Igual que con Mariúpol, cuando hace un par de años leí 'Calle Este-Oeste. Sobre los orígenes de ‘genocidio’ y ‘crímenes contra la humanidad’', de Philippe Sands, tuve que irme a Google maps para saber en qué sitio de Europa estaba Lviv, Leópolis para nosotros. Una ciudad de 700.000 habitantes que ha sido determinante en la historia del Derecho internacional.

La estación de tren de la ciudad, uno de los mejores edificios modernistas de esa área -la antigua Galitzia polaca, antes austrohúngara y soviética, y ahora en la zona más occidental de Ucrania-, es la puerta por la que huyen en estos días decenas de miles de personas del infierno al que les somete Putin.
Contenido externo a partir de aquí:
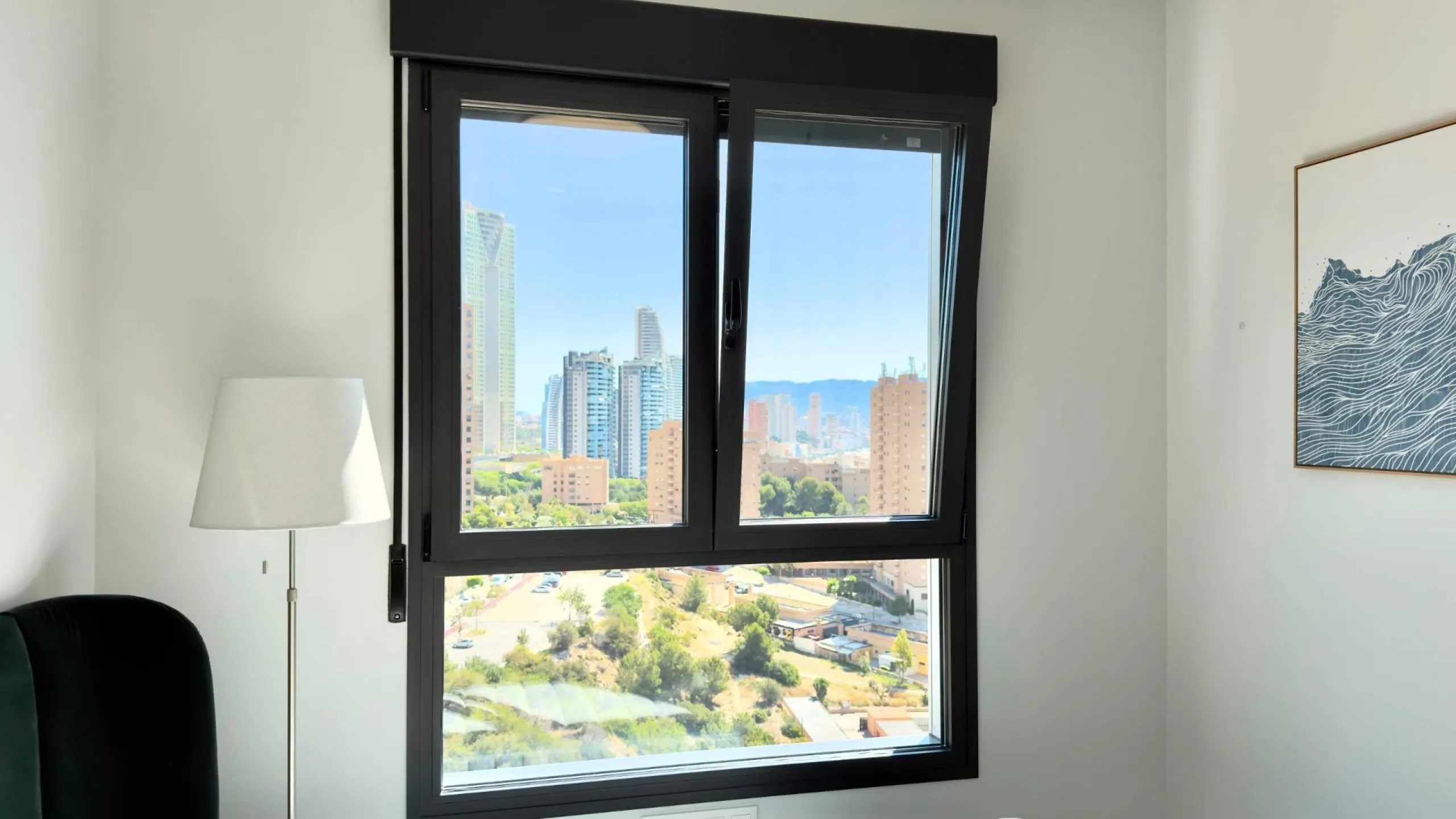 Exclusivo apartamento en Benidorm Beach listo para entrar a vivir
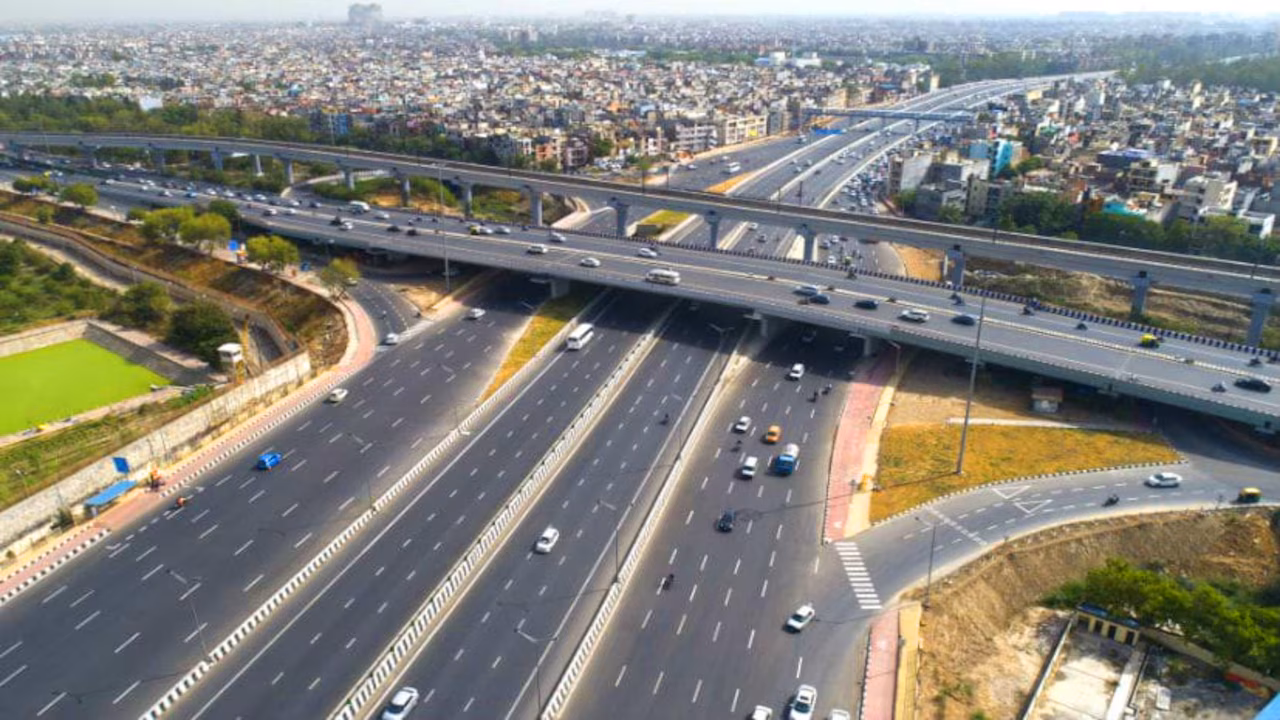 Noida Expressway Introduces Heavy Fines for Vehicle Breakdowns, Ranging from Rs 5,000 to Rs 20,000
Y ya se habla de Leópolis como la capital, si cae Kiev.

Fue en la universidad de esa ciudad donde, en la primera parte del siglo XX, estudiaron Derecho dos jóvenes judíos del lugar, Rafael Lemkin y Hersch Lauterpacht. Fueron los únicos supervivientes de sus familias al Holocausto y, aunque no coincidieron, introdujeron en el juicio de Nuremberg las figuras de genocidio y crímenes contra la humanidad. Trabajaron en equipos jurídicos distintos -uno en el de Inglaterra y otro en el de Estados Unidos- y acuñaron las dos figuras: genocidio, como extinción de un grupo concreto, y crímenes contra la humanidad, como la matanza de personas de forma sistemática. Todo eso y mucho más cuenta Sands, descendiente a su vez de otro superviviente judío de Leópolis, en 'Calle Este-Oeste', eje urbano en torno al que vivieron las familias de los protagonistas, y metáfora de la condición de una ciudad que cambió de manos 8 veces entre 1914 y 1944 y donde la población judía fue aniquilada casi en su totalidad.

Tres obras que nos recuerdan el sufrimiento acumulado por los ucranianos

Como diría Vargas Llosa, la verdad de las mentiras, sólo que en todos los casos son narrativa de la mejor calidad, a partir de historias reales.

Causa pavor que un nuevo sátrapa quiera aumentar su poder e impedir el desarrollo de la democracia liberal arrasando la vida y los derechos de millones de personas. Un crimen que parecía superado y ha vuelto con la furia y el afán de devastación que ya sufrimos en el siglo XX. Cuando Macron refiere su conversación con Putin, con un terrible "lo peor está por llegar" y oímos al presidente ruso usar falazmente la palabra "genocidio" a su favor, es inevitable acordarse de las víctimas de los verdaderos genocidios y crímenes contra la humanidad que nos han contado, entre otros, Chaves, Wodin y Sands. Demasiadas.